> RECORDED INFORMATION:
+---+

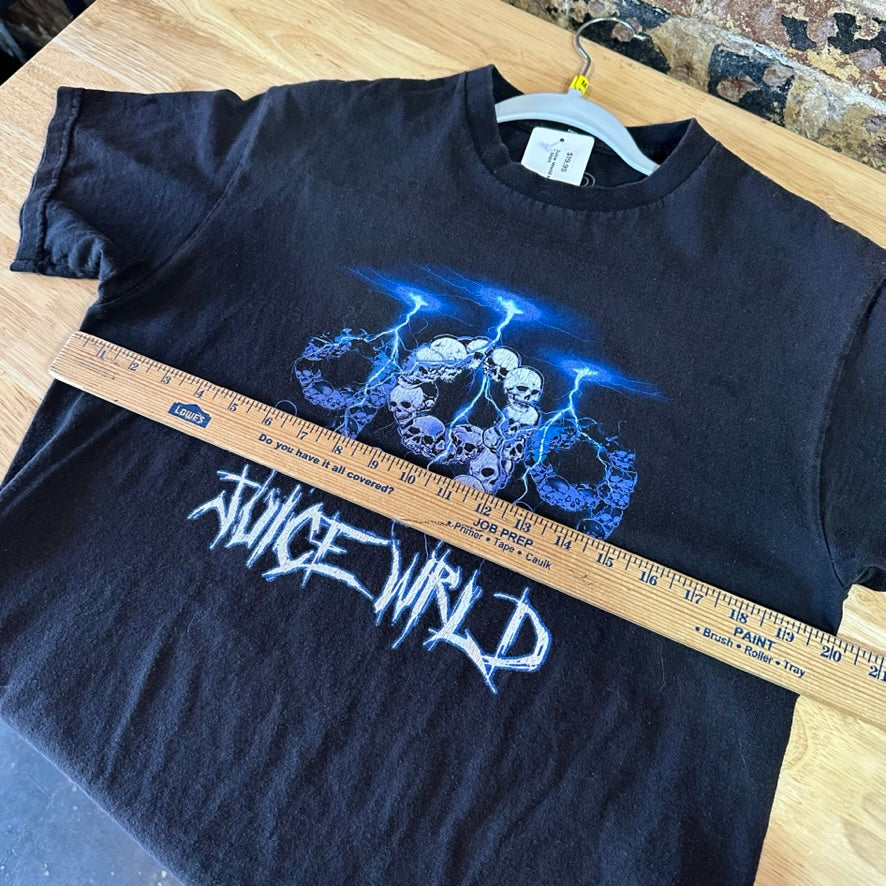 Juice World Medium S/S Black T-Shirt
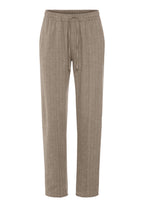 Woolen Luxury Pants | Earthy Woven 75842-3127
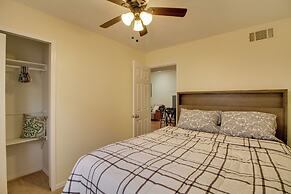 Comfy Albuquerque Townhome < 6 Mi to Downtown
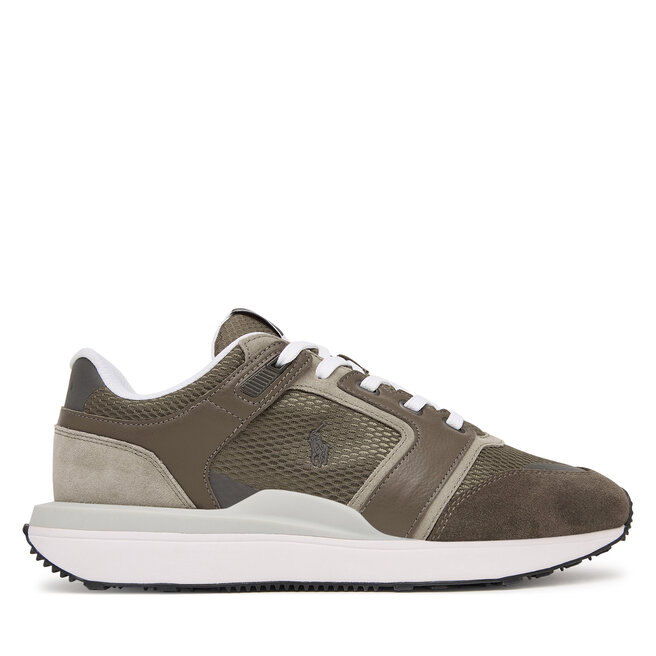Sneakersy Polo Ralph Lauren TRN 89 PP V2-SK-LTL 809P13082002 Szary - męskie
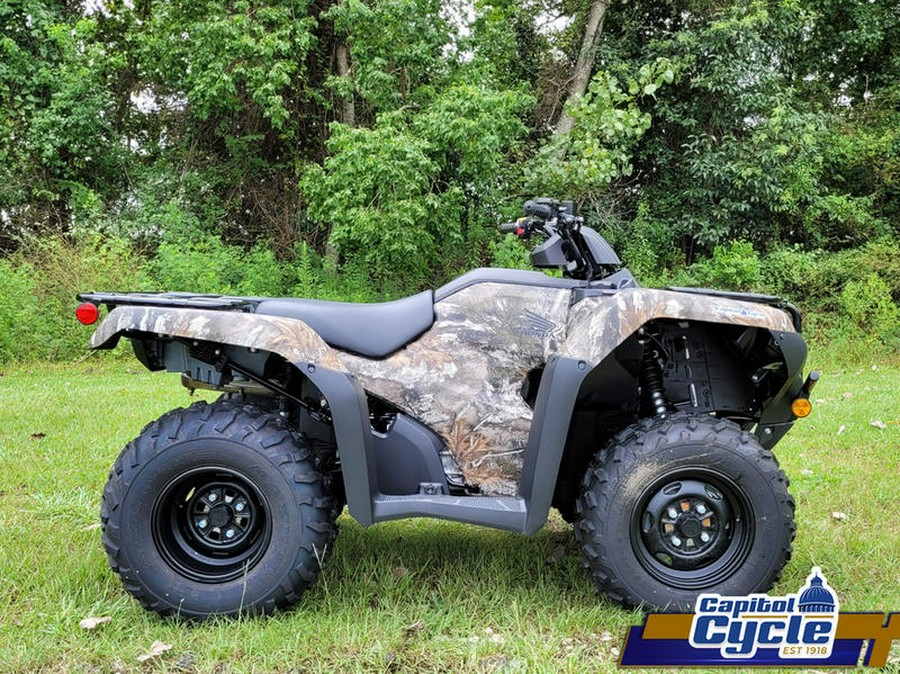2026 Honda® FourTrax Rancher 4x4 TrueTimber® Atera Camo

+---+

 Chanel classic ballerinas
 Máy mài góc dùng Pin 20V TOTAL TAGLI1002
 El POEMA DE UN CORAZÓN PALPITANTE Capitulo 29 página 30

+---+

> EXERCISE DETAILS:
What belongs in the answer is each line above from the line with "Juice World Medium S/S Black T-Shirt" to the line with "2026 Honda® FourTrax", inclusive, reproduced exactly and free of pictures.

> RESULT FOR THIS TASK:
 Juice World Medium S/S Black T-Shirt
 Woolen Luxury Pants | Earthy Woven 75842-3127
 Comfy Albuquerque Townhome < 6 Mi to Downtown
Sneakersy Polo Ralph Lauren TRN 89 PP V2-SK-LTL 809P13082002 Szary - męskie
2026 Honda® FourTrax Rancher 4x4 TrueTimber® Atera Camo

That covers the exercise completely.